Rosenblatt left in 1993 to become editor of New York's The Jewish Week. Buerger started the Palm Beach Jewish Times in November 1994, and a Boca Raton/Delray Beach edition in August 1996.

Buerger died in 1996, and the paper was taken over by his son Andrew. In 1998 Andrew Buerger sold off the Florida newspapers, and in 2000 he sold the Detroit and Atlanta papers to Jewish Renaissance Media.

Phil Jacobs, a Baltimore native and former Jewish Times reporter who had been serving as editor of the Detroit paper, was named Executive Editor of the Baltimore Jewish Times in 1997. During his tenure, the paper published a series of investigative reports on child molestation by members of the rabbinate, and revealed that he had been molested himself as a child. The series won critical acclaim, but also outrage from some members of the Orthodox community, who disputed some of the accusations made. Jacobs' experience writing the series and living through the controversy it raised in his community was chronicled in Standing Silent, a 2010 documentary film by director Scott Rosenfelt (producer of Mystic Pizza and Home Alone, among others).

Jacobs left the Baltimore Jewish Times in June 2011 to become editor of Washington Jewish Week. Andrew Buerger then became editor and publisher, and runs the publication's former parent company, Alter Communications, which also produces Baltimore STYLE magazine and a number of custom publications.

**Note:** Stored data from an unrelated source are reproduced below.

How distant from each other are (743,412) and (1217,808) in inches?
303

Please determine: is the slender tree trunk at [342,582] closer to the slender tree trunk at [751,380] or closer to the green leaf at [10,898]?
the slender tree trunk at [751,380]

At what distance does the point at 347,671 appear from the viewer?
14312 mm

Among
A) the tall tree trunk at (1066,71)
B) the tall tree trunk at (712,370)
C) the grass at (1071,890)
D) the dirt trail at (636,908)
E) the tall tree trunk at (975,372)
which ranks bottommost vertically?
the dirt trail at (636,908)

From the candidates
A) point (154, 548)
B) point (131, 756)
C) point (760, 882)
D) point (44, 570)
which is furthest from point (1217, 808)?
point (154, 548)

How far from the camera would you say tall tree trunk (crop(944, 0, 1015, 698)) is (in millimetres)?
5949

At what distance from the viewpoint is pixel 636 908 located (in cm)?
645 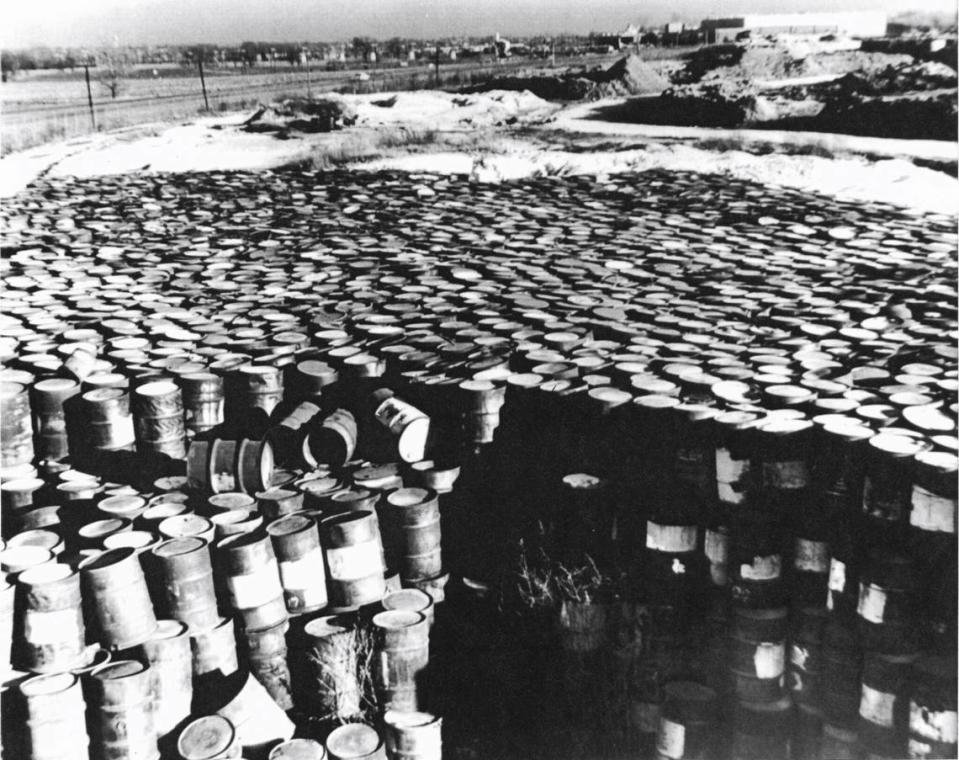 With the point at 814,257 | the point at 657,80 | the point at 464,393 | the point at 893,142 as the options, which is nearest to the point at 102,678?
the point at 464,393

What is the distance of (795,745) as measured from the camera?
372 centimetres

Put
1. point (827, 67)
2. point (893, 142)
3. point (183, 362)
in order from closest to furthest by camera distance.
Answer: point (183, 362) → point (893, 142) → point (827, 67)

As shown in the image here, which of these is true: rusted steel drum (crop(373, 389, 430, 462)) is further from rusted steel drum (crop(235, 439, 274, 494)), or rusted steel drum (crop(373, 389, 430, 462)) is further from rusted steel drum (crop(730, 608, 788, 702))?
rusted steel drum (crop(730, 608, 788, 702))

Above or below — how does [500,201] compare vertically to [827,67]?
below

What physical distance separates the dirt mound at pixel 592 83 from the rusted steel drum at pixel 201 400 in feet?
79.7

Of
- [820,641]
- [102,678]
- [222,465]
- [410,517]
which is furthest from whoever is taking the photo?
[222,465]

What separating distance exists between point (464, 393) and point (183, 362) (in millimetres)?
1855

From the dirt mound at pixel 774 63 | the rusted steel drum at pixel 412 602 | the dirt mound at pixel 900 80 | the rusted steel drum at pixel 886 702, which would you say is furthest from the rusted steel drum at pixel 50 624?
the dirt mound at pixel 774 63

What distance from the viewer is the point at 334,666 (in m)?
3.84

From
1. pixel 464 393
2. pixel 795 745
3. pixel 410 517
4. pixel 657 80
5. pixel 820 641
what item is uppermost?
pixel 657 80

In 2011, the Baltimore Jewish Times underwent a major redesign and became more magazine-like, with coated glossy stock, a smaller page size and more color photography and graphics. In 2012, the publication was sold at bankruptcy auction and purchased by Route 95 Publications LLC, owner of the Washington Jewish Week.

== Awards ==
In 2006 the Baltimore Jewish Times won a 2005 Simon Rockower Award for Excellence in News Reporting and Writing about Scientific and Technological Innovation Out of Israel from the American Jewish Press Association. The paper won six Simon Rockower Awards in 2020, one in 2021, and another two in 2022. In 2023, the American Jewish Press Association awarded the Baltimore Jewish Times one Rockower Award.